C# formally does not have any knowledge of bools that have been forced to have values behind the scenes other than 0 or 1; that is an implementation detail of the runtime. If you take advantage of implementation details, the behaviour is implementation-defined. If something goes wrong when you do something crazy, the fault lies entirely with the person who did the crazy thing.
I’d have expected that use of any value other than 0 and 1 in a boolean value would be a CLS-compliance violation, but no such rule is mentioned in anything I could find in a few minutes of googling. I wonder if there’s a reason that was left out – if it’s somehow outside the scope of what CLS compliance covers, of if there’s some other reason, or if it was just never thought of by the people writing the rules.
The implementation detail is to assume that bools always have the value 0 or 1, and this (incorrect) assumption is made by the authors of the C# compiler. Specifically:
Partition II of ECMA 335 (the Common Language Infrastructure spec) defines a Boolean as a “4-byte integer value where any non-zero value represents TRUE, and 0 represents FALSE”.
ECMA 334 (the C# spec) defines bools and “Boolean logical operators” in terms of the abstract values true and false.
The C# compiler transforms the boolean logical operator& into a bitwise integer “and” without first coercing the bools into 0/1 (or any other consistent integer representation of bool), even if those bools came from a separate assembly that may use some other representation.
This is a bug.
I guess it usually works because most code is compiled with compilers that insist on 0/1. I wouldn’t be hugely surprised if there is at least one security flaw hiding in this hole.
…where’s the bug? Does the C# standard guarantee anywhere that “a & b” is equal to “a && b” if a and b are bools? Unless it does, all that is required is that the outcome of the operation is consistent with the language spec, which will be the case regardless of the values of a and b (since for both operators, the outcome is zero if and only if either operand is zero, and non-zero if and only if both operands are non-zero, which complies with both the IL and C# interpretations of bool). You would have a point if the C# compiler ever emitted instructions that assumed that a “true” bool must have the value 1, but I’m pretty sure it never does.

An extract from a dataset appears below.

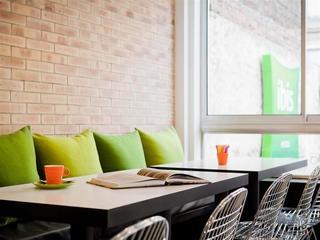 Гостиница ibis Styles Paris Buttes-Chaumont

Come up with an actual scenario where the C# compiler might do something wrong given, say, a bool that’s true because it has the value 2, and I can probably show you a scenario where someone improperly used the type “bool” in C# when they meant “int” (or suchlike), which is no fault of the compiler.

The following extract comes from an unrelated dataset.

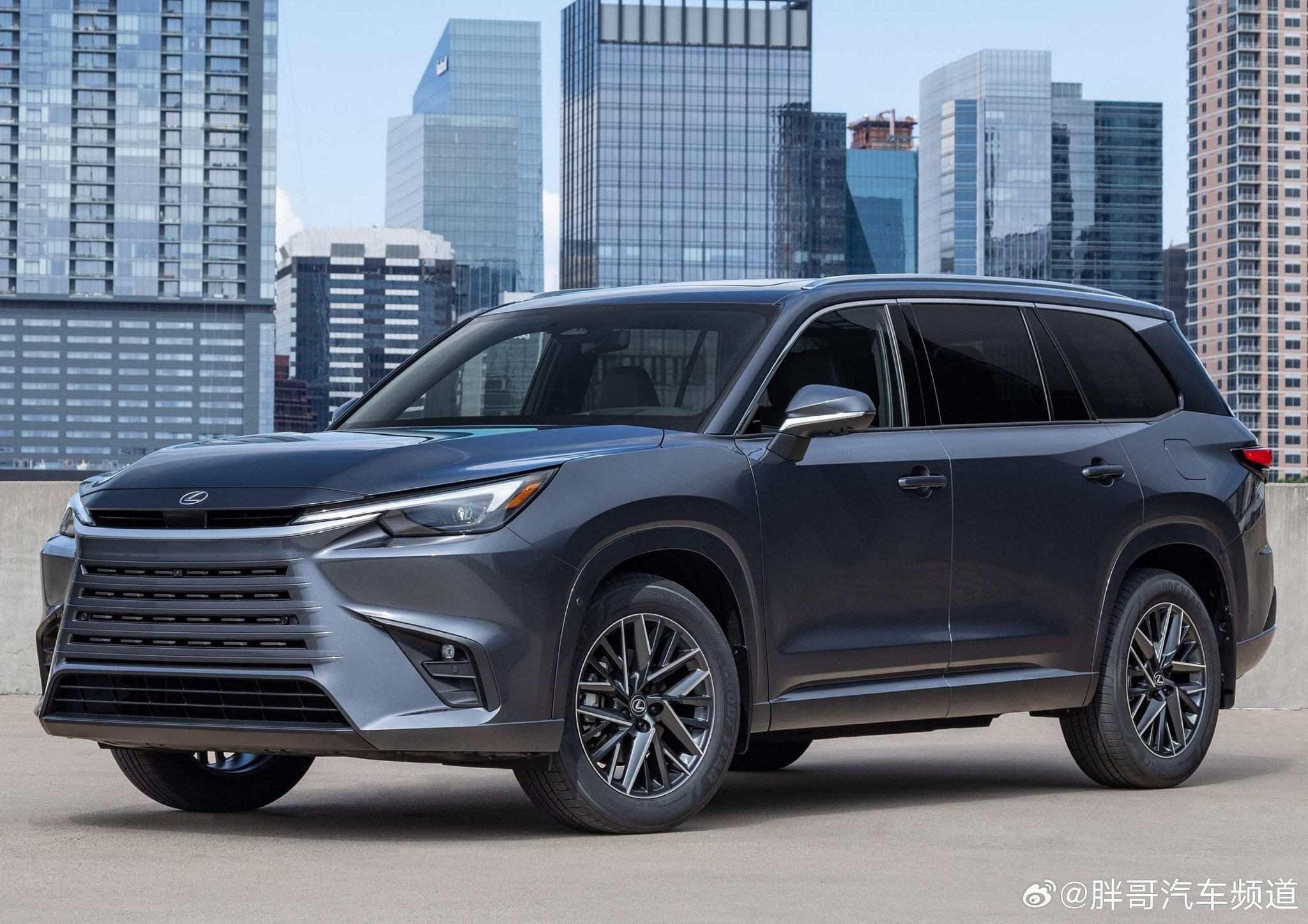 雷克萨斯全新车型TX，三排座椅布局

For example, if a and b are both bools and happen to have the integer values 1 and 2 respectively, then according to the CLR spec they are both true. According to the C# spec “true & true” evaluates to true. But the compiler produces a bitwise “and” so you get false. The outcome of the operation is not consistent with the language spec.
Note that you don’t need any borked C# code to get a boolean containing 2. An assembly written in a different language can legitimately return a bool with the value 2 (or 7 or whatever).
@carlos: Oh, I see what you mean now. Doy. I don’t know where I got the idea that “for both operators, the outcome is non-zero if and only if the operands are non-zero”, which is obviously not true for &. You can replicate this within C# itself through type punning: declare a struct with LayoutKind.Explicit, then overlay an int and a bool field — you can coerce C# into producing S.a == true and S.b == true yet S.a & S.b == false. So forget about “optimizing” this at all, since it’s not necessarily a safe optimization.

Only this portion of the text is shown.